[Source data]
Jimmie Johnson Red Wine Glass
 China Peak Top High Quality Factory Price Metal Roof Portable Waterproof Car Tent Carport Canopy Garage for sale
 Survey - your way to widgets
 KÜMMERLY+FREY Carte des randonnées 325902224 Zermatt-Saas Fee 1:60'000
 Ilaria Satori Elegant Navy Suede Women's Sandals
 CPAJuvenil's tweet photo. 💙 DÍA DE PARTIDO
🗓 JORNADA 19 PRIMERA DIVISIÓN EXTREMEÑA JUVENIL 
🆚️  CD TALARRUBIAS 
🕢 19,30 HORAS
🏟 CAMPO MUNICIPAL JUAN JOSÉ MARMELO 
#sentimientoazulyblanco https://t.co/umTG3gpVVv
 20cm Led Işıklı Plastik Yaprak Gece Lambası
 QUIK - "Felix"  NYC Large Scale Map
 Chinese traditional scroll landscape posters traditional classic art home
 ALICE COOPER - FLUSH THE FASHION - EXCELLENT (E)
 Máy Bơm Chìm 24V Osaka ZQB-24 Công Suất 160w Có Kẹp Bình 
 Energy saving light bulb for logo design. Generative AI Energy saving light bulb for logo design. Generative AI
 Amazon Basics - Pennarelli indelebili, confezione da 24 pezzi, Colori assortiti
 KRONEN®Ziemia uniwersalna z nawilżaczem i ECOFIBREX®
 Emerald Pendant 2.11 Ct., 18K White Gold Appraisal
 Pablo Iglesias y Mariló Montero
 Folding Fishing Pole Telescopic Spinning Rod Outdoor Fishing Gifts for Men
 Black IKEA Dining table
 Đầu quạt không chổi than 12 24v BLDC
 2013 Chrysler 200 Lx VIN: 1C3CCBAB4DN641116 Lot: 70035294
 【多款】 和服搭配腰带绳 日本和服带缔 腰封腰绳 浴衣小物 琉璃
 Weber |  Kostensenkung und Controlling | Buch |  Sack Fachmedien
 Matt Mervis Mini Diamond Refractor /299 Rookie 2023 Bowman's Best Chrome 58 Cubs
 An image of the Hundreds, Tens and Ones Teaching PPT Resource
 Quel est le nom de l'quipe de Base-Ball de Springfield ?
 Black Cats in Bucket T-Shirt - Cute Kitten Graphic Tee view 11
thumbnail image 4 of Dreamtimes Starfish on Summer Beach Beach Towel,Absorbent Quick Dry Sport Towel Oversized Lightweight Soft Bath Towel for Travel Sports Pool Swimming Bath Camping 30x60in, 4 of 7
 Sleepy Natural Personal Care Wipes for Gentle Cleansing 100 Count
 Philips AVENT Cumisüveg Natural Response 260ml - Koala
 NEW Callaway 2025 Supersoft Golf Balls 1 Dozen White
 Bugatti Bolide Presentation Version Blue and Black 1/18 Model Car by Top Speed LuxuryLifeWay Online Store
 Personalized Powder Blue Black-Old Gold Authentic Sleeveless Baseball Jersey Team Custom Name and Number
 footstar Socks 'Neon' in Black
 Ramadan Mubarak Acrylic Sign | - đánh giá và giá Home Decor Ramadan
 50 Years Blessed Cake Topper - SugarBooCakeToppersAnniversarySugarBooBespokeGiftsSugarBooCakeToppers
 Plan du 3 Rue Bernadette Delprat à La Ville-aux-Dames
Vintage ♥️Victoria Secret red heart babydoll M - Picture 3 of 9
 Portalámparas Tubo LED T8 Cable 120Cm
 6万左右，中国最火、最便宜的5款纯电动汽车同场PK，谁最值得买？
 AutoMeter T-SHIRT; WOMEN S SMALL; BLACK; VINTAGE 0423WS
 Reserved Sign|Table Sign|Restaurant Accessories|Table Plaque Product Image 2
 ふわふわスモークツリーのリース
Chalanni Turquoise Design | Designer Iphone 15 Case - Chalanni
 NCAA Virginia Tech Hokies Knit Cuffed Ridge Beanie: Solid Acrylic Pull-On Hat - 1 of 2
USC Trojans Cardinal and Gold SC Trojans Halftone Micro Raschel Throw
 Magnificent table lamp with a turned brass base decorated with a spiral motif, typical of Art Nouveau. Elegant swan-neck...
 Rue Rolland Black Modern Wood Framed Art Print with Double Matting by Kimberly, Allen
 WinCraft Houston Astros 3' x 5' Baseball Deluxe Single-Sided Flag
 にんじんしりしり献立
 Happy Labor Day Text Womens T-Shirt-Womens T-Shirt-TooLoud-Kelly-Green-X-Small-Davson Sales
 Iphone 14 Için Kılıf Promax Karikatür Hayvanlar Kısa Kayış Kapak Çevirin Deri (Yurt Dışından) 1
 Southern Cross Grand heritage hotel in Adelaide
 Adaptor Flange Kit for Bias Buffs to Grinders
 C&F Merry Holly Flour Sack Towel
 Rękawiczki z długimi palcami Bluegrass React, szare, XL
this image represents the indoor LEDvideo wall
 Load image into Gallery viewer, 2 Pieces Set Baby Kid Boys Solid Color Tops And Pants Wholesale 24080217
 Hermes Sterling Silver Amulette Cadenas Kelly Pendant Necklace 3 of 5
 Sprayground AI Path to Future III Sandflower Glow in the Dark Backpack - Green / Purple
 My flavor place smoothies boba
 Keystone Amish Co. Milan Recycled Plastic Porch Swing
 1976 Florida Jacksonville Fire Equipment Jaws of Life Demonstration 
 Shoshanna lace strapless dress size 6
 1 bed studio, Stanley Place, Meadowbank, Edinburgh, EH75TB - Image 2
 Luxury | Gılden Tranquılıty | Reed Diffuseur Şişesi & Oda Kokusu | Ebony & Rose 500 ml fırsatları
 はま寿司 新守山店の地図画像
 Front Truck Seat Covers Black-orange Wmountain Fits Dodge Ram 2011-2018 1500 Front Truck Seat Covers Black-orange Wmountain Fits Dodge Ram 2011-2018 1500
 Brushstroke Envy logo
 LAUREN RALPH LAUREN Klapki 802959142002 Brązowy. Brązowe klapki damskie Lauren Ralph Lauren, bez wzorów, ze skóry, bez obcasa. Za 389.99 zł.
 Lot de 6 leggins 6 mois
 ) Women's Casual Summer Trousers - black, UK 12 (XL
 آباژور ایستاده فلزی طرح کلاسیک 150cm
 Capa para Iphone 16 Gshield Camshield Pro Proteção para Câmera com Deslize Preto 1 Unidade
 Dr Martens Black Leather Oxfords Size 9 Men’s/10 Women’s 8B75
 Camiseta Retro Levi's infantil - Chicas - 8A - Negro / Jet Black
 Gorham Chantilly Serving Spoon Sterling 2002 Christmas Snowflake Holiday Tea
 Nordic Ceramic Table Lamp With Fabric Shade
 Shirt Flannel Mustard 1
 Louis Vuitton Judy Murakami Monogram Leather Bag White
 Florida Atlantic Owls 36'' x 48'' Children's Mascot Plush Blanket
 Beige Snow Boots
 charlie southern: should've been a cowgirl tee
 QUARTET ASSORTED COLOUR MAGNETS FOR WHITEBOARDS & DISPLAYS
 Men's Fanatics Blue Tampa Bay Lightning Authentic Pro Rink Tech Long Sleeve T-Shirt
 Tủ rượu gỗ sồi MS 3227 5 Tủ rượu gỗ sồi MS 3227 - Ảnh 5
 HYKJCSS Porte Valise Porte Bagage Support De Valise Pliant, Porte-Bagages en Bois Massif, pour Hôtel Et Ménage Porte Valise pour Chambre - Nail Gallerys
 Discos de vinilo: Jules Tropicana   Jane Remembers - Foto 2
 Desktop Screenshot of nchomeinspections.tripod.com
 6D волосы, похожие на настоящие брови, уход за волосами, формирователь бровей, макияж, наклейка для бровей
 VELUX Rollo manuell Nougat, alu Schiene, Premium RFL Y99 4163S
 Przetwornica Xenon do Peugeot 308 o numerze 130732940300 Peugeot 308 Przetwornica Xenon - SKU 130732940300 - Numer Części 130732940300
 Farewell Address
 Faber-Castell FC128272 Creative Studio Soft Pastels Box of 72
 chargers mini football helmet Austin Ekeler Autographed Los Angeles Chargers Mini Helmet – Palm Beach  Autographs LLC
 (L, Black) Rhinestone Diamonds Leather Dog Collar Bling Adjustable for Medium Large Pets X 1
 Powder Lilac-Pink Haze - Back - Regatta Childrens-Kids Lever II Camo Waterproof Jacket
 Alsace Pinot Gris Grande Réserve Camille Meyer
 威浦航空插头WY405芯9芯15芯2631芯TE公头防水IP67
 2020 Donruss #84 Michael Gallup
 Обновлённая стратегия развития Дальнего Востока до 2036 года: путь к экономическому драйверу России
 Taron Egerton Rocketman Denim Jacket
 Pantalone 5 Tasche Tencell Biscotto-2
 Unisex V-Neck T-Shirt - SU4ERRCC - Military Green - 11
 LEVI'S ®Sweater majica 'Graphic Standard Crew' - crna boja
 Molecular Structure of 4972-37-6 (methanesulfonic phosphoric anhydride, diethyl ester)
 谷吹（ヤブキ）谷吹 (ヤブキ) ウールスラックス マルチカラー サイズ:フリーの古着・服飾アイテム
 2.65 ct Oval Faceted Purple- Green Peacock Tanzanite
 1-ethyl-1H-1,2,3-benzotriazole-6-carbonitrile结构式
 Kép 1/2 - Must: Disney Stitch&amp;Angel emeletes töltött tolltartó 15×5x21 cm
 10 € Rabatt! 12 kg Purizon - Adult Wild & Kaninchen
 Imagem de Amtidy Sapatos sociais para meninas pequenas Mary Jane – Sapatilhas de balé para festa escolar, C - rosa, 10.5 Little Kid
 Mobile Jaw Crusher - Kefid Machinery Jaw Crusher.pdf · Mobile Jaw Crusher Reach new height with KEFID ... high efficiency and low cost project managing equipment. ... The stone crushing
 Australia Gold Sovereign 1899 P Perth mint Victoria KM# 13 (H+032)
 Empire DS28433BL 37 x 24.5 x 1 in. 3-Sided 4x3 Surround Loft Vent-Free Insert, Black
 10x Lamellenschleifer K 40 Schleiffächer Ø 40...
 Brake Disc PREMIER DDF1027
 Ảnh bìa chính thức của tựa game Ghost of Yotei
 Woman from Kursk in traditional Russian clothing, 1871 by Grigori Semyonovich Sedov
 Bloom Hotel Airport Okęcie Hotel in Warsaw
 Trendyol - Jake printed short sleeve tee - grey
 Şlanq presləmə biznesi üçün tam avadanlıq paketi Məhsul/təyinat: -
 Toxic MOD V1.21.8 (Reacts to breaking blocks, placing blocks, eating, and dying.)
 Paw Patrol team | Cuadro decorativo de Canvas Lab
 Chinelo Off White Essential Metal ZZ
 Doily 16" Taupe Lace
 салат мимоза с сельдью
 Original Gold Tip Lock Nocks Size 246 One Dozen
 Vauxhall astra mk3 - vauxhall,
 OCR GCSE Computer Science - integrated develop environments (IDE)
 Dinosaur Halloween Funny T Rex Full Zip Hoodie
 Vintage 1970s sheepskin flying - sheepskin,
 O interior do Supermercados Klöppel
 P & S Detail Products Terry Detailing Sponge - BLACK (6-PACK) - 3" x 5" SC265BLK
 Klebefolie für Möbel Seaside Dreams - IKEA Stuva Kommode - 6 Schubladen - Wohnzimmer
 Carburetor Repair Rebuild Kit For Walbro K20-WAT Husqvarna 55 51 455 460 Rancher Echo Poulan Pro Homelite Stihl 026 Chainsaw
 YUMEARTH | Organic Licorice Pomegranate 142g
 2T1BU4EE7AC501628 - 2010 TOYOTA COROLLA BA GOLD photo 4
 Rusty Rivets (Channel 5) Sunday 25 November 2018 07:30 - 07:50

• Required action:
Copy the stretch of the records above that runs from the line with "Shirt Flannel Mustard 1" through the line with "charlie southern: should've". Both end lines belong in the copy, and nothing else does.

• Result for this task:
 Shirt Flannel Mustard 1
 Louis Vuitton Judy Murakami Monogram Leather Bag White
 Florida Atlantic Owls 36'' x 48'' Children's Mascot Plush Blanket
 Beige Snow Boots
 charlie southern: should've been a cowgirl tee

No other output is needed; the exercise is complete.